Now that Boehner has finally wearied of herding cats, he's exposed that Tea Party operational incompetence for everybody to see and marvel at, and if it proves as overwhelming as it appears at this point, you could call it "Boehner's Revenge," as the days of his Speakership will start looking better and better by comparison:
House Republican turmoil is boiling over as leadership elections approach, with dissatisfied lawmakers casting about for new choices and a surprise longshot challenger emerging in the speaker's race.
Can you imagine the quantity of buttered popcorn and frosty beverages Nancy Pelosi, Steny Hoyer, and James Clyburn are going through right now?
The upheaval reflects a caucus ever more divided in the week since House Speaker John Boehner stunned Capitol Hill by resigning under conservative pressure.
Um, no. Boehner did not "resign under conservative pressure". He went out on his own terms, and as if to say, "Okay, my Tea Party friends, you think you can do better? Here's your shot."
Like I said, "Boehner's Revenge".
And it comes as a long list of weighty and polarizing issues loom on Congress' agenda, including raising the federal borrowing limit to avoid a market-shattering default, and paying the bills to keep the government running.
Lotsa luck with that, TPers. Hope you have your magic wands oiled up and ready to wave like the devil.
Representative Jason Chaffetz of Utah-3, the brash forty-eight-year-old chairman of the high-profile House oversight committee....
And who has a few sympathy/Obama persecution cards to play long about now.
....intends to challenge the prohibitive favorite for speaker, Majority Leader Kevin McCarthy of California-23, Republican aides said Friday. Yet it's not clear that the hardliners who....view McCarthy with suspicion would flock to Chaffetz, given that as committee chairman he's enforced leadership initiatives such as punishing lawmakers who buck the party position.
IOW, they don't like McCarthy because he's "next in line," but Chaffetz isn't "pure" enough for their tastes, either. And the only one, apparently, who is.....
"It would be hard to replace John Boehner with someone who also kicks people off committees for their votes," sniped Representative Thomas Massie, R-KY4, who is backing another candidate, Representative Daniel Webster, R-FL10.
....is also a roaring joke and precisely the kind of bumbling malcontent that makes its so difficult to take Tea Partiers seriously.
That raises the prospect of more unrest — and potentially even more candidates — before votes for the new leadership team are cast October 8th.
Thus guaranteeing McCarthy's Speakership. And never forget that Kevin McCarthy is less conservative than John Boehner.
This Oklahoma Republican, at least, seems to "get it":
"Until we decide that we're going to function as a team instead of as a series of groups trying to enforce their agenda on the majority of the House, then we're going to have this treadmill kind of a thing where we're just walking faster and faster but not actually physically moving," said Representative Frank Lucas, R-OK3.

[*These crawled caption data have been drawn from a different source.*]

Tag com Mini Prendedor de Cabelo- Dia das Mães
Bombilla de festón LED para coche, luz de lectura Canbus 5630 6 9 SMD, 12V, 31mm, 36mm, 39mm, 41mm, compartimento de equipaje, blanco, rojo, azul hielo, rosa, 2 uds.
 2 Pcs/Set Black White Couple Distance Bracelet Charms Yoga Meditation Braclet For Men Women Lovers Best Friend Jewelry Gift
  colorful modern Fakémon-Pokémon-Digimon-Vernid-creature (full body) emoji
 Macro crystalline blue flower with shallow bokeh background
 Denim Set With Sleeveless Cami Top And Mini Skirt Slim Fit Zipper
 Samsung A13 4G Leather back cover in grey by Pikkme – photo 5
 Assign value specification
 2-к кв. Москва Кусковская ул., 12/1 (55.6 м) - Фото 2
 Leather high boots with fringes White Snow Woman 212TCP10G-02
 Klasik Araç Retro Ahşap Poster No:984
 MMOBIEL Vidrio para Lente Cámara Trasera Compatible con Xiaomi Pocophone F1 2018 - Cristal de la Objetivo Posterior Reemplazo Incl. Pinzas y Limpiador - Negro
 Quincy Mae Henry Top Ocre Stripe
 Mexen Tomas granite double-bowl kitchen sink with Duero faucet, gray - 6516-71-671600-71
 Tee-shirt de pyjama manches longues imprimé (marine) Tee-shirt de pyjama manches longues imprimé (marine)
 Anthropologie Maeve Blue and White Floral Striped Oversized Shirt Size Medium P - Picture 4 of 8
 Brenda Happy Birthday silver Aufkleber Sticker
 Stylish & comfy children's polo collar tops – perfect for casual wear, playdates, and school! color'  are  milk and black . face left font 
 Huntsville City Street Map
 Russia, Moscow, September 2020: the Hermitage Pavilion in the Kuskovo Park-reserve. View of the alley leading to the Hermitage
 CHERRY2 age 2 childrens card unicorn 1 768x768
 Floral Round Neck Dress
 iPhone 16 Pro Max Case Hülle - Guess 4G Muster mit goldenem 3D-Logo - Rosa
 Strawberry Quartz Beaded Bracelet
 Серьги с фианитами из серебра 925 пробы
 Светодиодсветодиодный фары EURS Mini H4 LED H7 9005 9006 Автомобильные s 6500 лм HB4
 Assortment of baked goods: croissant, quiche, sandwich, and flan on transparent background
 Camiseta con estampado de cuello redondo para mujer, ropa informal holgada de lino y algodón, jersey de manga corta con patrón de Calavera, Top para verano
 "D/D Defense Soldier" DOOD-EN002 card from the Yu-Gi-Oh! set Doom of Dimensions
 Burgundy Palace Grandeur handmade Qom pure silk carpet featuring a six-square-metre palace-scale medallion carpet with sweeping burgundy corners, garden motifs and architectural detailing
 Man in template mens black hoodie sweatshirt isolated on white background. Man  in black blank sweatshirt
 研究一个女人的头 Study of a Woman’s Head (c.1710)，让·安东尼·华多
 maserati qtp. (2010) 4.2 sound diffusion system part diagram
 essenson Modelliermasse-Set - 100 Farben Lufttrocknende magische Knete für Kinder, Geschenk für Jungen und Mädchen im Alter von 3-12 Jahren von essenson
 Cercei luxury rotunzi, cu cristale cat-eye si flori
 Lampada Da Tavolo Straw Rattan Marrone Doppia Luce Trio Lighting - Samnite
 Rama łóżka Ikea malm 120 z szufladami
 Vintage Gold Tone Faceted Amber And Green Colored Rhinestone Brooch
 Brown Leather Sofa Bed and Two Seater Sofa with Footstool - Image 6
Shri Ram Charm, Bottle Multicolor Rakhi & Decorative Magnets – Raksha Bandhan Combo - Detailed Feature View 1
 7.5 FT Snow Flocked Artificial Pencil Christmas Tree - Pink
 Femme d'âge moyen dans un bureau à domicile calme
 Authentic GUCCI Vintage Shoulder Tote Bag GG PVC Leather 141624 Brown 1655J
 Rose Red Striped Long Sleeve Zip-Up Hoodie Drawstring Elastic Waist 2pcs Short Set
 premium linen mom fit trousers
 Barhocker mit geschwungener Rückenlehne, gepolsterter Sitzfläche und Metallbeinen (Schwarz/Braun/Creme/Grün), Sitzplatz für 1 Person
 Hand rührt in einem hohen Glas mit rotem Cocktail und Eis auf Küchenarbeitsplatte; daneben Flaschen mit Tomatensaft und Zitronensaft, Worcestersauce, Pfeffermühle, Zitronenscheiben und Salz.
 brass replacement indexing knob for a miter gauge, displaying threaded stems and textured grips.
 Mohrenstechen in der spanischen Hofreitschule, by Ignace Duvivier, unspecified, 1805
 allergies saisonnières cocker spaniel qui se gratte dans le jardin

There's no entitlement to power and influence, my Tea Party friends, and no short cut to it, either. It must be earned. You must work within the system. And yes, you must play the political game to get where you want to go. You can tell yourselves that you "forced out Boehner" all you like, but you're going to be reminded in fairly short order of the Uhura Protocol: "Be careful what you wish for....you may get it." And "it" may not, after all, get you that which you were seeking.